# Does it REALLY matter where you graduate from?



## dulcinea (Aug 22, 2011)

It depends on what you want to do. I think prestigious colleges are for people who want to get an advanced degree and want to get into a really prestigious field like law or become a politician or entrepreneur of a big business. The value of such a degree comes with your ability to network with wealthy people, as wealthy people tend to send their children to such schools, and the nominal value to employers or clients who tag any value to that. 

Other than that, no it doesn't matter one bit. Especially in fields that have a huge demand like nursing or computer science.
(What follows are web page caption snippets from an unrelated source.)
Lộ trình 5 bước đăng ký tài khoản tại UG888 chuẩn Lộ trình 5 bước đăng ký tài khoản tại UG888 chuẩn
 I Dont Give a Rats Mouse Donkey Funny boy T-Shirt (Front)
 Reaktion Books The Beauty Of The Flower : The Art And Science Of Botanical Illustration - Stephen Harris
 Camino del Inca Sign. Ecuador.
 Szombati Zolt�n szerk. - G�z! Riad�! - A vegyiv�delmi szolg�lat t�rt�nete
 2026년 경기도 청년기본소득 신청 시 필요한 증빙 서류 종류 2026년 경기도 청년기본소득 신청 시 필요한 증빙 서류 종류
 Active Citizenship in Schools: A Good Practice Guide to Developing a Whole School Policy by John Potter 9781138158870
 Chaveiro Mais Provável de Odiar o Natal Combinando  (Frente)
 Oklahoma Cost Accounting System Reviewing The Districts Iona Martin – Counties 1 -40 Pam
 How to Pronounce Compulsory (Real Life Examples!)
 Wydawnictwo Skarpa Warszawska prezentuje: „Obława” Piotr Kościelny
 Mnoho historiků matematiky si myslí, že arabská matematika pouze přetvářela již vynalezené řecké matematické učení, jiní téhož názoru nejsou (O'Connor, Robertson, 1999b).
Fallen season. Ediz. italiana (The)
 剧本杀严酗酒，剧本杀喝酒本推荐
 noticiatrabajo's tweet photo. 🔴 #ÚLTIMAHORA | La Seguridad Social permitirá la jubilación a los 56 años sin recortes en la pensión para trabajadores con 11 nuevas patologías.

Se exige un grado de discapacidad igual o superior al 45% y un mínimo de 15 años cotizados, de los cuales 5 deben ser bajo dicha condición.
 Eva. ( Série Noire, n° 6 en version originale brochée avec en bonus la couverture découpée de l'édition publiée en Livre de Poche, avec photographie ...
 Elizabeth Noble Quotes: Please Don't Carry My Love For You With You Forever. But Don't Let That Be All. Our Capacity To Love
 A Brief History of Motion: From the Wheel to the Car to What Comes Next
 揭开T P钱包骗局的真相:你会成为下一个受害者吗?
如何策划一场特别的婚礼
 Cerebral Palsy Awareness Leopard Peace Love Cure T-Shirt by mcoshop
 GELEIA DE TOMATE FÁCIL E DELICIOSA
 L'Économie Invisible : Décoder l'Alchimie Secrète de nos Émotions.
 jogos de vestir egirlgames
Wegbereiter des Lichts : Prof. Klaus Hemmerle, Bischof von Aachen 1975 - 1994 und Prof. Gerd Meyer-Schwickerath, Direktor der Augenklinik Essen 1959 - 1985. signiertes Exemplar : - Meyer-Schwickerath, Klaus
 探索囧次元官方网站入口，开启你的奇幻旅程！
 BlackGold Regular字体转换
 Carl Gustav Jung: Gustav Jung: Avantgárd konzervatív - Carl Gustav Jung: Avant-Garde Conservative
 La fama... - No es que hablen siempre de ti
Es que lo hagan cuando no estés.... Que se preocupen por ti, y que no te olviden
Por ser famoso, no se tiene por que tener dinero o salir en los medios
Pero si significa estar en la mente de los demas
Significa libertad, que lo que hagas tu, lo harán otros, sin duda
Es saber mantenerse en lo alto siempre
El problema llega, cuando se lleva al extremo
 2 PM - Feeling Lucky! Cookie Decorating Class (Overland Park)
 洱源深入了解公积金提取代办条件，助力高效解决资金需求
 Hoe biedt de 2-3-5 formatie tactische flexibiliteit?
Every single nurse I know went to a technical community college; I'm a group for self taught programmers who have a variety of computer related jobs and a wide variety of educational backgrounds. Some went to good colleges, some went to bootcamps, some were 100% self taught.


----------



## Figure (Jun 22, 2011)

Others can weigh in on things like Law, Medicine, the Arts. My background is in business/consulting, so I'll weigh in there for anyone interested in following that path. 

In my experience the college you go to does matter in business, IF you are pursuing a career path that has a hierarchy of prestige and you want to be at the top. That would be areas like investment banking, consulting, software development, marketing, business development, even sales. 

The school prestige is really only important for your first job. When you are trying to get an internship, your school and grades can serve as your source of credibility to employers. The internship then solidify your first position post grad, and prove you are serious about the field. I would start early, Sophomore year if not earlier. 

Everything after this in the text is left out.